Mount Elbrus - Early Days

Russians like to drive very fast, especially on open roads. Our drive from the airport at MineralInye Vody airport to Kislovodsk town was not exactly a joy ride. We were in two vehicles and the two drivers (obviously on retirement for some time now) were pretty much racing against each other. And so a couple of near-misses on barrier lines later and in pouring rain we arrived safely in town!


When we did the long off-road ride to base camp on the 4X4 the next day we were pretty much used to rough rides. Besides, the snow-covered twin peaks of Mount Elbrus and the views of the surrounding mountain were providing some needed distraction. I would have loved to ride in the formidable, “Old Russia”, never-die, hard as rock machine, but watching it in action from a bit of distance was not a bad compromise. The guys in the team got the honours.



We did not waste time. We arrived at base camp, had lunch and packed our day packs for the first acclamatisation hike. It was pleasant and not too long – on fresh pair of leg the 300m we ascended did not feel like we did any climbing. Over the next two days, acclamatisation hikes from base camp (2500m) became harder, led us to the most amazing terrain and took us to through some of the most challenging trails I have ever been on.







Monday, July 14, 2014

Mount Elbrus - The Housekeeping

My trip to Mount Elbrus started off rather shaky. I might have dropped a ball or two on the logistics side of things, but fortunately, the expedition overall was not severely impacted. For anyone planning to make their way to Russia, I have a few tips:

Make sure your Russian Visa uses your flight details to determine valid dates and not the dates indicated in the invitation letter provided by your host. When you apply for a Visa, you need to indicate arrival and departure dates in the application form and include tickets but it turns out these are not used in determining visa valid dates. The result was that I had to leave a day later than I planned because I was going to arrive in Moscow an hour before my Visa was valid. The Visa was valid from 24 June and I was due to land on 23 June at 23H00. This would have been avoided if I double-checked the dates before I left the embassy.

Get a small English/Russian phrase book to assist with getting around and settling down into a hotel quickly in Russia. Valuable time was wasted sorting out problems that originated from miscommunication. Very often people cannot recognise some of the alphabets that we use, so it might not fully assist to write things down. We missed our flight from Moscow to Mineralnye Vody because the driver dropped us at the wrong airport, and we could not read the name of the airport ourselves to correct that mistake early.

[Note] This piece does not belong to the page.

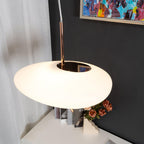 Clérachic pendant hardware seen from another angle, with the same abstract painting and rose vase nearby.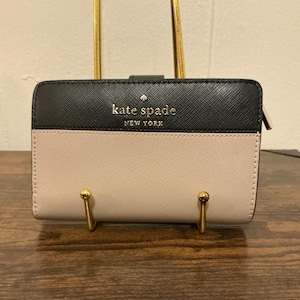 May include: A two-tone Kate Spade wallet in black and pale pink. The top section is black, and the bottom is pale pink. The brand name is in gold lettering. The wallet is displayed on a gold stand.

Moscow has three international airports that are fairly far apart. So when booking flights, especially if you are booking your own flights at expedia.com or similar sites, makes sure you connect to the next flight at the same airport. You might have enough time to connect but the hassle of collecting luggage and getting a taxi to the next airport can add hugely to travel discomfort.


If you prefer to buy a local sim card (as opposed to roaming) to keep in touch with people at home, ask the expedition company for the cellular phone operator that covers the area of the mountain where you will mostly climb. When I travel I prefer getting a local sim card so I can make local calls when necessary and still be able to send messages home if I need to.